Apart from one being a gaming product and the other being designed for computational tasks, they're a generation apart and have various small differences that may be quite relevant for individual tasks (such as V100 allowing twice the shared memory - 96 KiB - per thread block)
I bought from a (relatively) small German commerce site[1] rather than a bigger site like Amazon, OCUK, or Scan. I'm in EU though, probably doesn't help if you're US. I think I paid a €50 or so premium over the retail price but I didn't mind that too much.
I used this[2] site to keep an eye open for stock, as you can see it's pretty much empty now but I just checked every day and finally found one.
If you properly utilize your hardware, on premise (or colocation in an area with cheap electricity prices) is vastly cheaper and will likely continue to be for a while. I don't see how training models in the cloud makes financial sense for organizations that can utilize their hardware 24/7.
For all others with burst workloads training in the cloud can make sense, but that has been the case for a while already.
We're not talking about organizations, though. I don't agree with your premise, either. People aren't training models 24/7, so the idea that it's "vastly cheaper and will continue to be for a while" isn't true.
... uh, you sure about that? Let me go check on the 3 models I have concurrently training for my organization on 3 separate GPU servers (all 2 year old hardware to boot) that have been running continuously for the past 36 hours. It pretty much works out to 24/7 training for the past several months.
And BTW, this is massively cheaper for us than training in the cloud.
Instead of arguing back and forth, how about a test case instead?
Pretraining BERT takes 44 minutes on 1024 V100 GPUs [1]
This requires dedicated instances, since shared instances won't be able to get to peak performance if only because of the "noisy neighbour"-effect.
At GCP, a V100 costs $2.48/h [2], so Microsoft's experiment would've cost $2,539.52.
Smaller providers offer the same GPU at just $1.375/h [3], so a reasonable lower limit would be around $1,408.
For a single BERT pretraining, provided highly optimised workflows and distributed training scripts are already at hand, renting a GPU for single training tasks seems to be the way to go.

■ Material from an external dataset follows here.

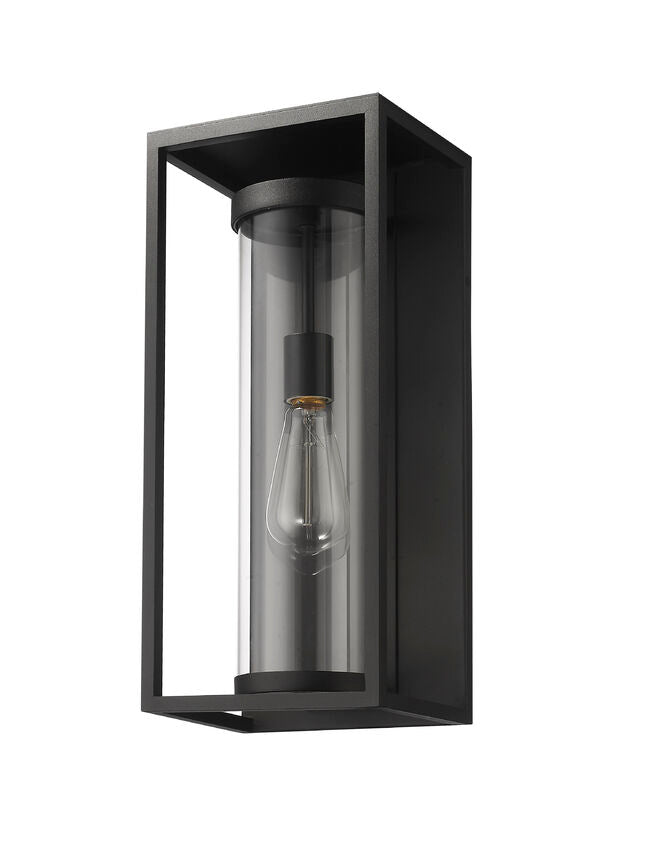 Dunbroch 584M Outdoor Wall Sconce 6.25" x 8" x 18.25" Black Aluminum Clear Glass Line Voltage 120V for Porch, Patio, Garage, Garden, Exterior Lighting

The cost of V100-equivalent end-user hardware (we don't need to run in a datacentre, dedicated workstations will do), is about $6,000 (e.g. a Quadro RTX 6000), provided you don't need double precision. The card will have equal FP32 performance, lower TGP and VRAM that sits between the 16 GB and 32 GB version of the V100.
Workstation hardware to go with such card will cost about $2,000, so $8,000 are a reasonable cost estimation.
The cost of electricity varies between regions, but in the EU the average non-household price is about 0.13€/kWh [4].
Pretraining BERT therefore costs an estimated 1024 h * 0.13€/kWh * 0.5 kW ≈ 57€ in electricity (power consumption estimated from TGP + typical power consumptions of an Intel Xeon workstation from my own measurements when training models).
In order to get the break-even point we can use the following equation: t * $1,408 = $8,000 + t * $69, which results in t = 8,000/(1408-69) or t > 5.
In short, if you pretrain BERT 6 times, you safe money by BUYING a workstation and running it locally over renting cloud GPUs from a reasonably cheap provider.
This example only concerns BERT, but you can use the same reasoning for any model that you know the required compute time and VRAM requirements of.
This only concerns training, too - inference is a whole different can of worms entirely.
The special thing about the V100 is that it's driver EULA allows data center usage. If you don't need that, there are other much cheaper options.